Monday, October 26, 2009

The tears start, seemingly out of nowhere...for no real reason. I find them streaming down my face unexpectedly...sometimes without warning. I have even caught myself crying when I didn't realize I was. I'm not used to this.

I have put up Halloween decorations..albeit more modestly than ususal. The candy is waiting in the cupboard. The red lightbulb has been screwed in at the front porch lamp. The only thing missing is dressing up to scare the kids. I won't do that this year. Every year, Tony and I would figure out what he was going to do for Halloween. Wearing masks was one of his favorite things.

He got such a kick out of the tiny trick or treaters. He really had a soft spot for the little ones, although he would deny it. Snot goblins, rug rats, breeder monkies....that's the usual title for somebody else's kid(s) in the grocery store or elsewhere. Occasionally he would point out a truly cute kid and usually get them into trouble by getting them to copy his silly faces while we were waiting in line.

It's been hard gearing up for this. I spent this last weekend alone and didn't do any artwork, which I had longed all week to do as a release. I purged and organized. I folded some of Tony's clothes and tucked them neatly away in the armoire.

It will be a different experience this year. Hopefully next year will be easier.

Sunday, October 25, 2009

Digging Out

Working through this...literally. In the last 48 hours, I have worked myself through the master bath, laundry room and our bedroom. I have dusted, oiled furtniture, straightened, thrift boxed and thrown out. The office is daunting. I have worked from the closet, organizing boxes of old photos so I gcan get to them easier. Next was the rocks that I was polishing...polisher and all parts, including the rocks, have been banned to the garage. Again dusting, sorting thourgh papers, the desk, finding scraps of paper with Tony's handwriting and tearing up. Oiled furniture, and now the bead shelf to dust off. Then vacuum and the next room...the dining room...maybe the kitchen.

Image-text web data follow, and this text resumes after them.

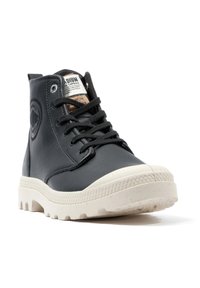 Pantofi negri tip high-top din piele texturată, cu șireturi plate, o talpă din cauciuc de culoare deschisă și o patch cu un logo rotund pe lateral.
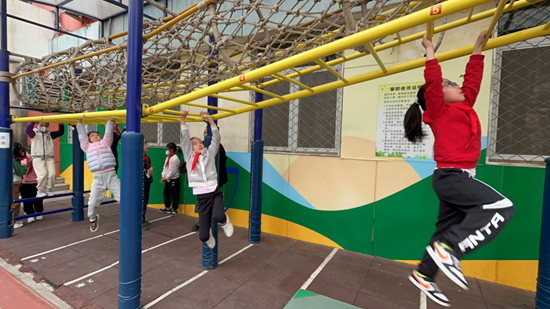 孩子從。校方供圖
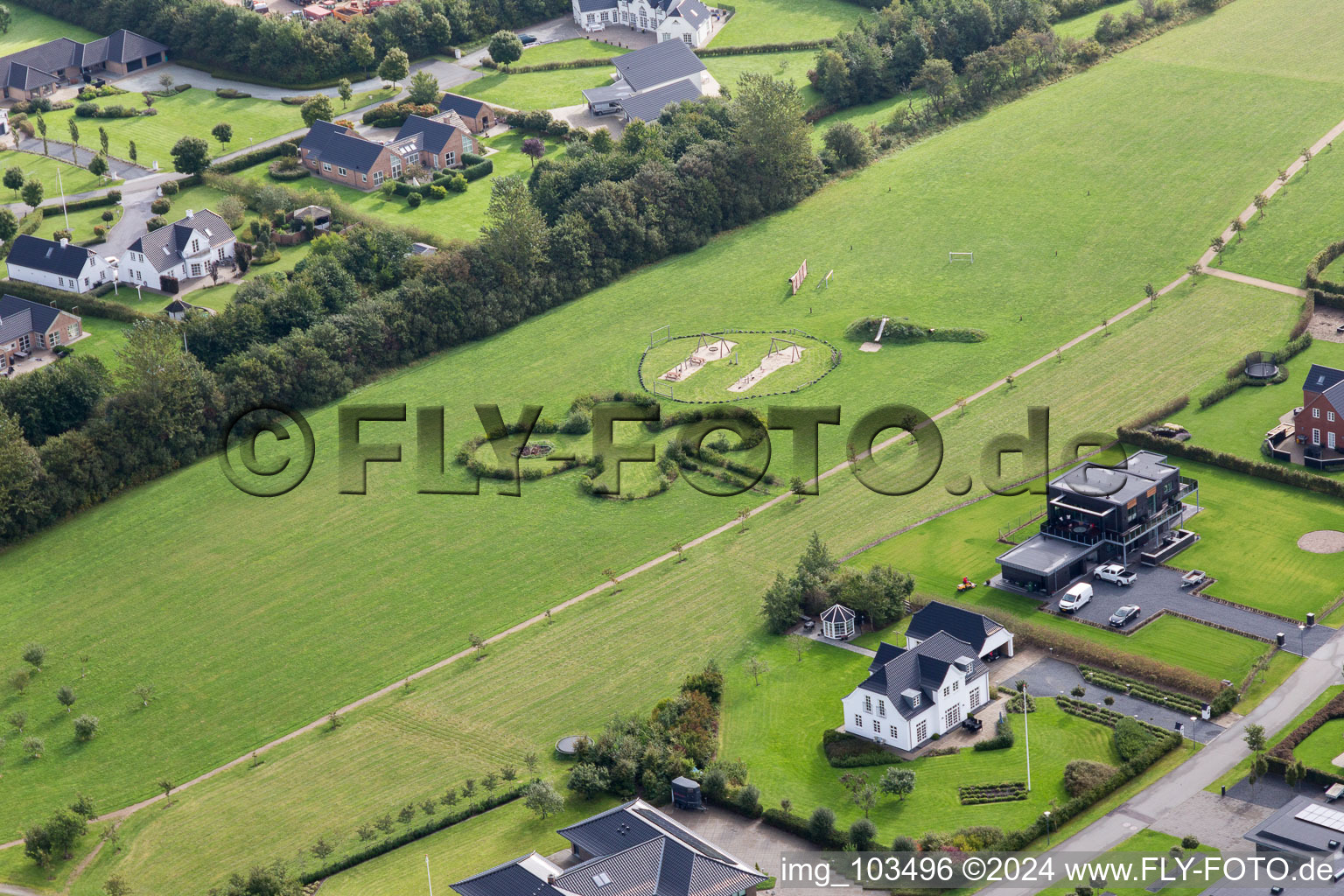 Villas de luxe dans le quartier résidentiel d'un lotissement de maisons unifamiliales dans le Jutland à Varde dans le département Syddanmark, Danemark d'en haut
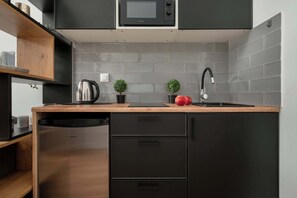 Réfrigérateur, micro-ondes, plaque de cuisson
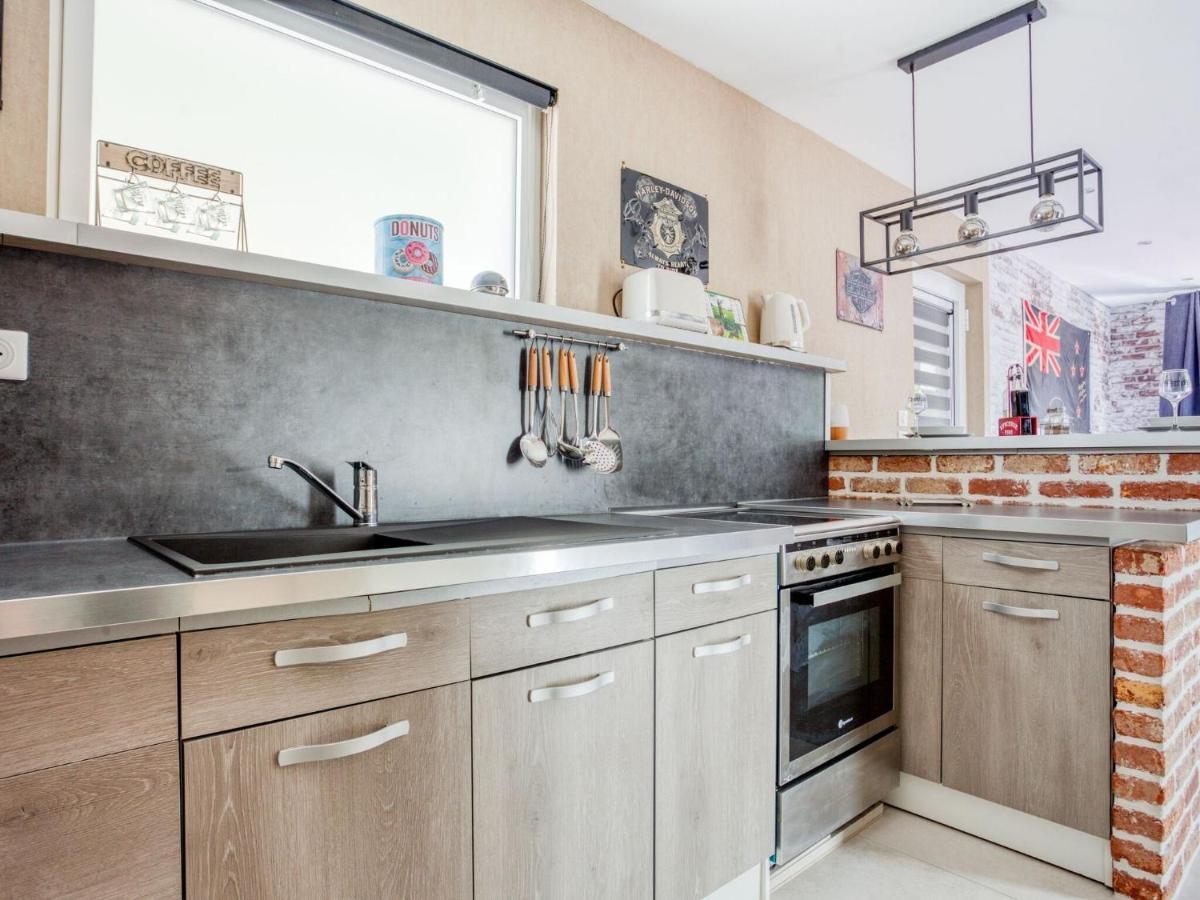Cosy Apartment In Eperlecques With Fireplace Стая снимка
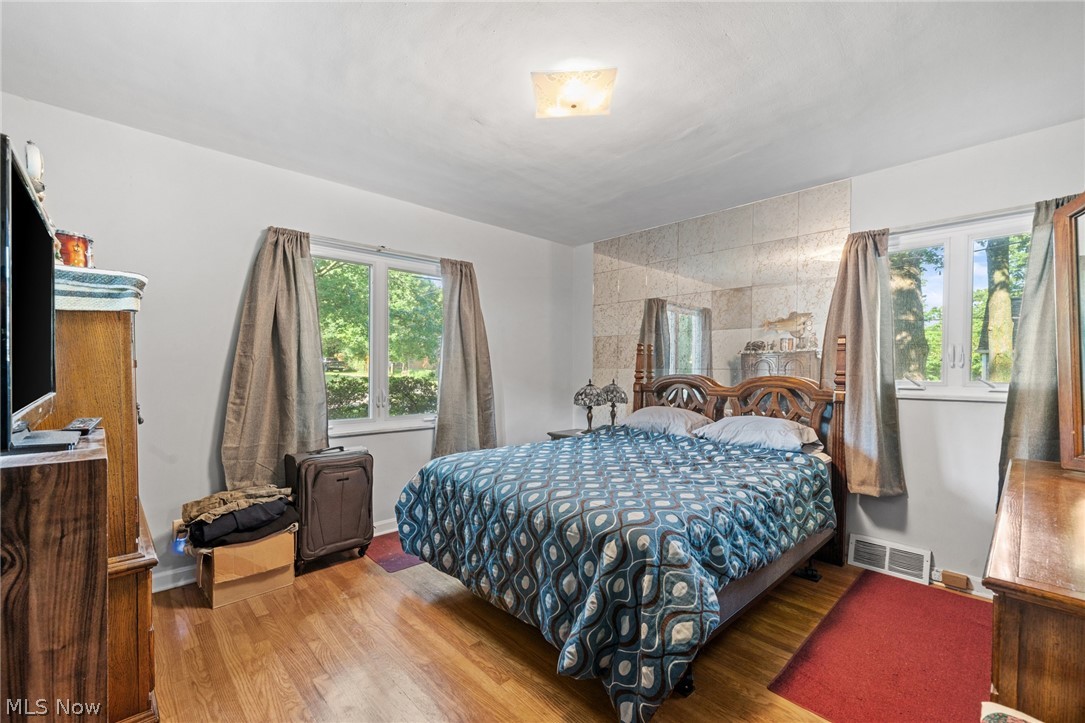 4714 W Ridgewood Drive Parma OH 44134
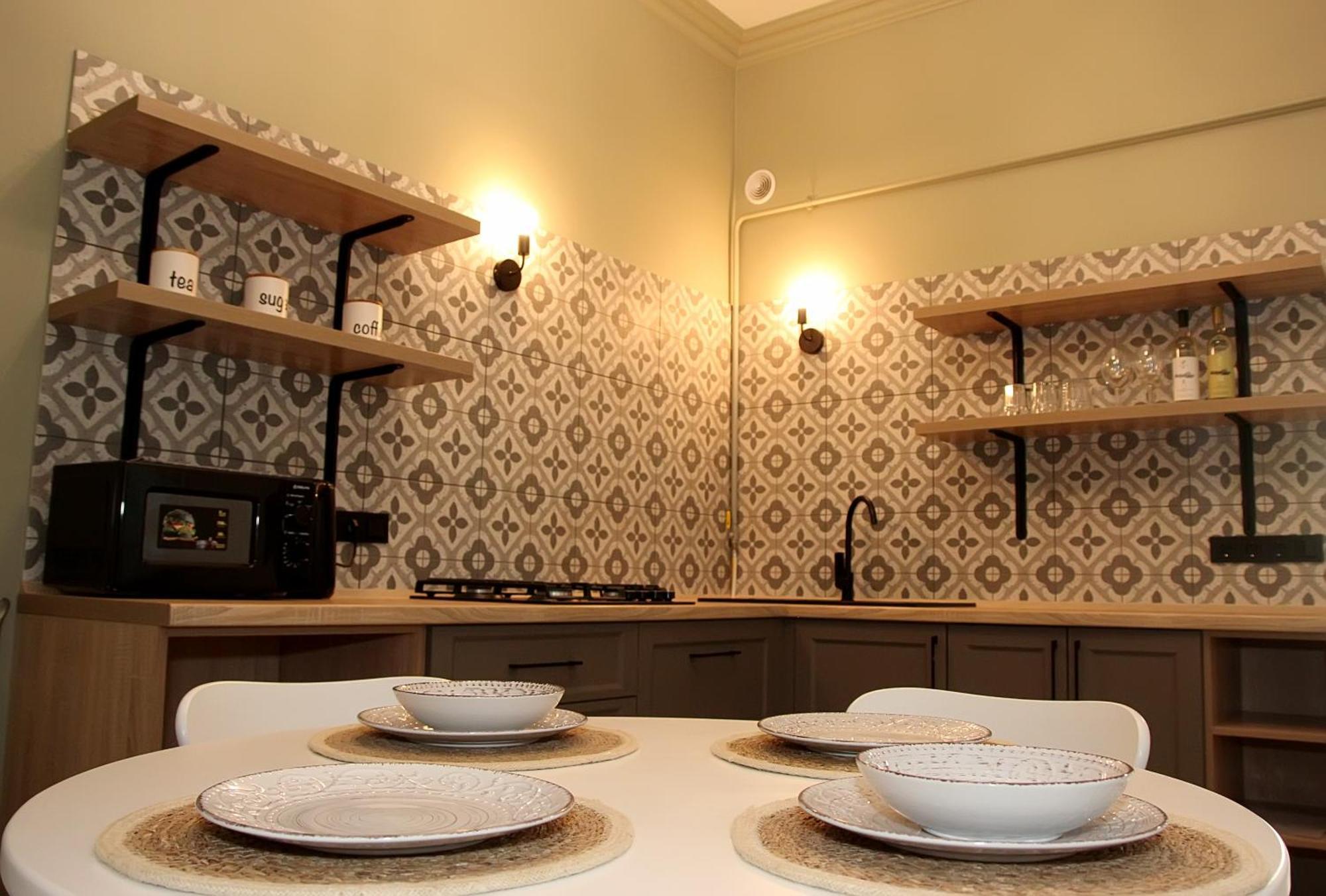 Historical Old Apartment: Spacious Balcony Retreat Apartment Kamianets-Podilskyi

I have sworn, cursed, laughed, cried, and curled up on the sofa for awhile during this whole thing wondering when I'll pull out of this a little more....the soft told me I already was, even if I didn't realize it. A little stunned, I realized, yeah, maybe I was because it was feeling better this afternoon than it had yesterday or this morning. I'm voraciously hungry and I may treat myself to a little something this afternoon before I get to nuts over the rest of the house.

I'm no longer on a time limit to get things done. The only person looking at it now is me. I can tear this stuff up and take my ime with it...well sort of, I'm still a neat freak. I can't believe how much dust accumulated in the office since July. Wow! Tells me what I haven't been taking care of . Well, ok, taking care of me..most important right now.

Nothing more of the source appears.